PHP Security: Top 5 tips
Input data validation
1) input data validation is an integral part while developing an application. It is easy to hack your application if there is no data validation in place for user inputs. Make sure you validate the data executed by eval() if you ever want to use eval() in your code. This is a must thing to do when user generated content is executed by eval().
a) First thing to do is pass all variables through PHP’s htmlspecialchars() function. The result of htmlspecialchars() function is safe to be displayed on a page. The htmlspecialchars() function converts special characters to HTML entities.
b) Remove backslashes (\) from the user input data with the PHP stripslashes() function.
c) PHP 5.2 and later has a great function called filter_var for data validation. filter_var will sanitize and validate data. Read more about filter_var here.
Switch to PDO or MySQli
MySQL is the original extension designed to interact with MySQL database while developing PHP applications.
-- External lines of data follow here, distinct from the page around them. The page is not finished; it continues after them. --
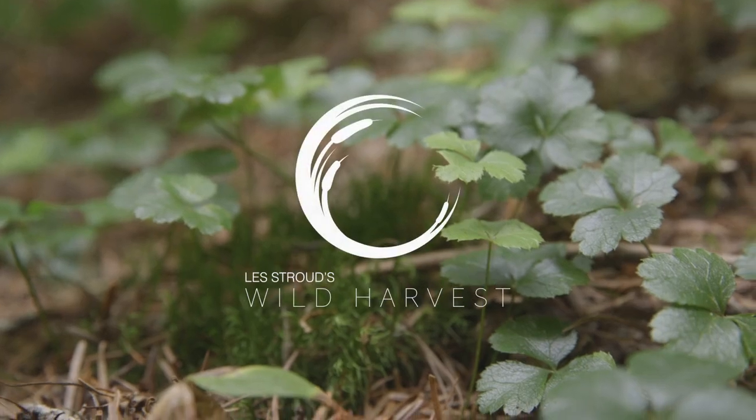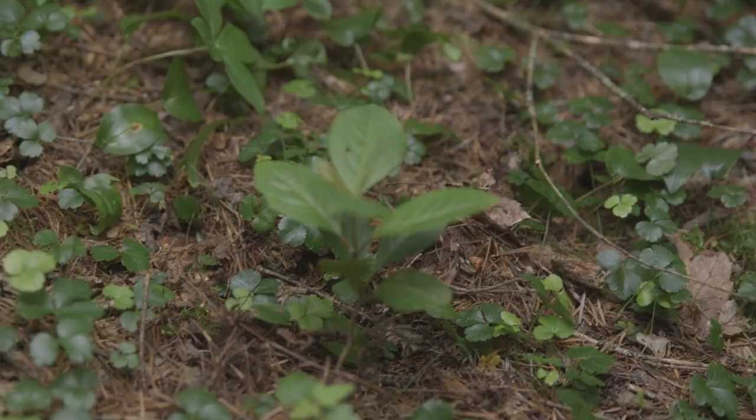This plant here is not an edible — it's a medicinal. It's a valuable medicinal. In the turn of the century, this little plant was literally more expensive per pound than actual gold. It's called gold thread.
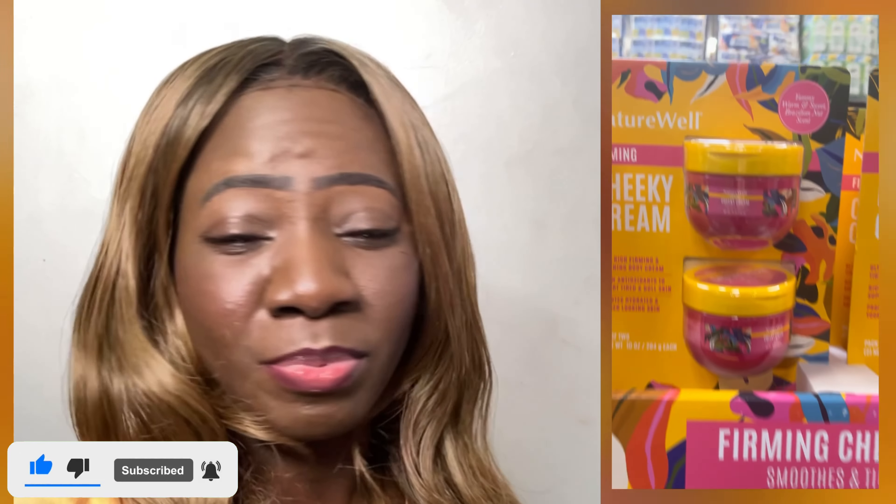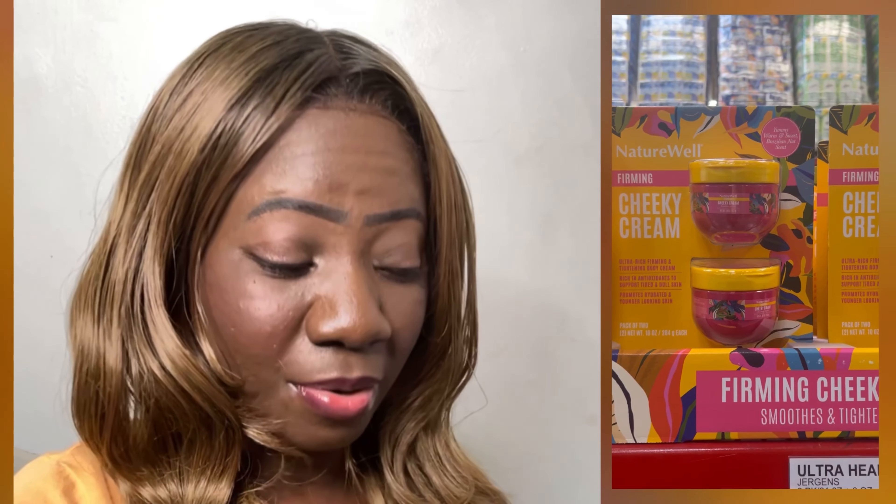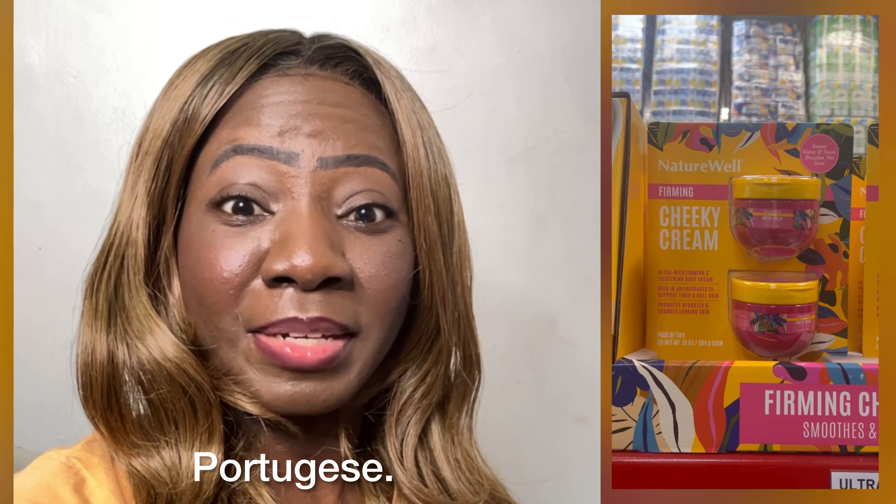I believe they speak Portuguese in Brazil — you can correct me if I'm wrong, I'll put it on screen. Nature Well Firming Cheeky Cream has notes of pistachio and caramel, plus a couple of other notes.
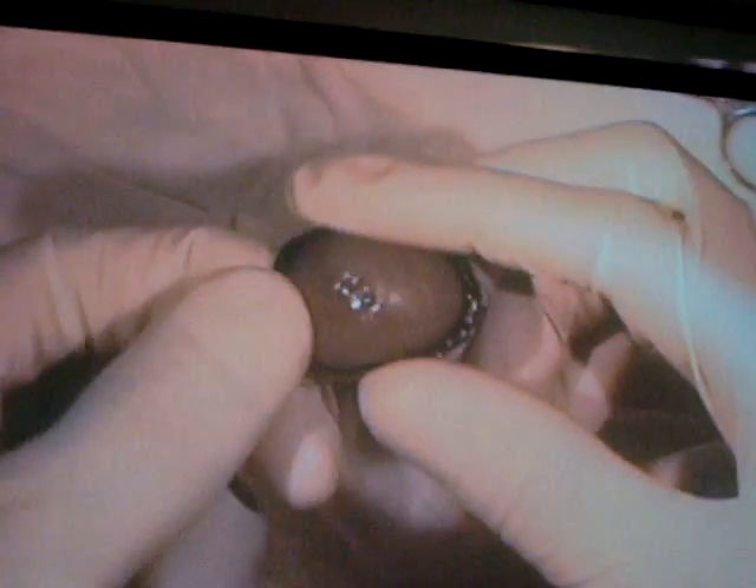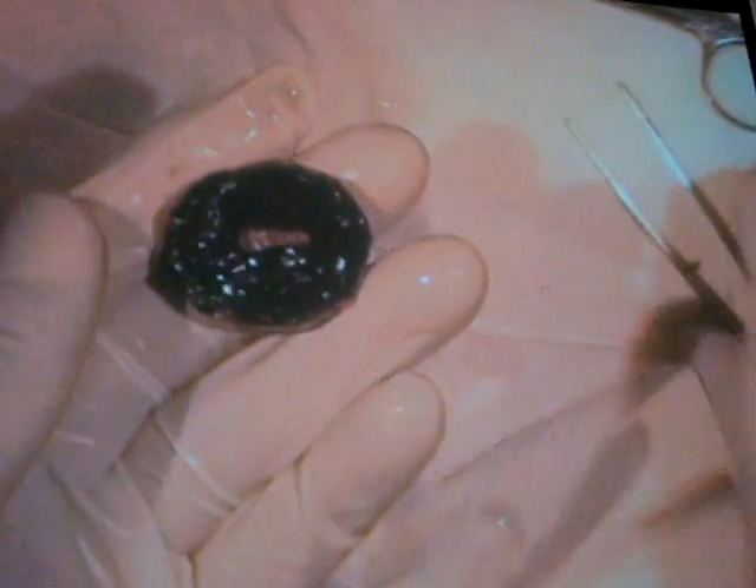Now that I've cut through, I can make one more snip. That's not blood — it's jelly. This is the cow's eye, and this right here is the cornea. Let's take a look behind the cornea and see what's on the inside.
It provides procedural interface and easier to understand. Since MySQL extension is deprecated as of PHP 5.5.0 all future development should use either PDO or MySQli. Even though MySQLi also offers a procedural API, PDO is most recommended due to its advanced features and database driver support.
Session variables stores information to be used across multiple pages. Use session variables to secure the pages that are accessible only by the logged in user.
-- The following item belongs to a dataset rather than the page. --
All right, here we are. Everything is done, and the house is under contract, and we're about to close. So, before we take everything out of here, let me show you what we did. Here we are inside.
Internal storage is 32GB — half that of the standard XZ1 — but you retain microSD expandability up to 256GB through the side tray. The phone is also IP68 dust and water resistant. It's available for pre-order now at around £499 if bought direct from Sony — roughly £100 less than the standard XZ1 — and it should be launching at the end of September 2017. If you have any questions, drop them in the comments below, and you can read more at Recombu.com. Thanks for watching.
Always use .PHP as extension.
If you use .inc, .conf etc as the file extension, the server will display the contents of the file instead of executing the code when called directly. This is dangerous if you have application configurations such as database logins in such files.
Turn off the error reporting once you are ready to make your application live. Many errors displayed by the server contains enough information for hackers to attack your application.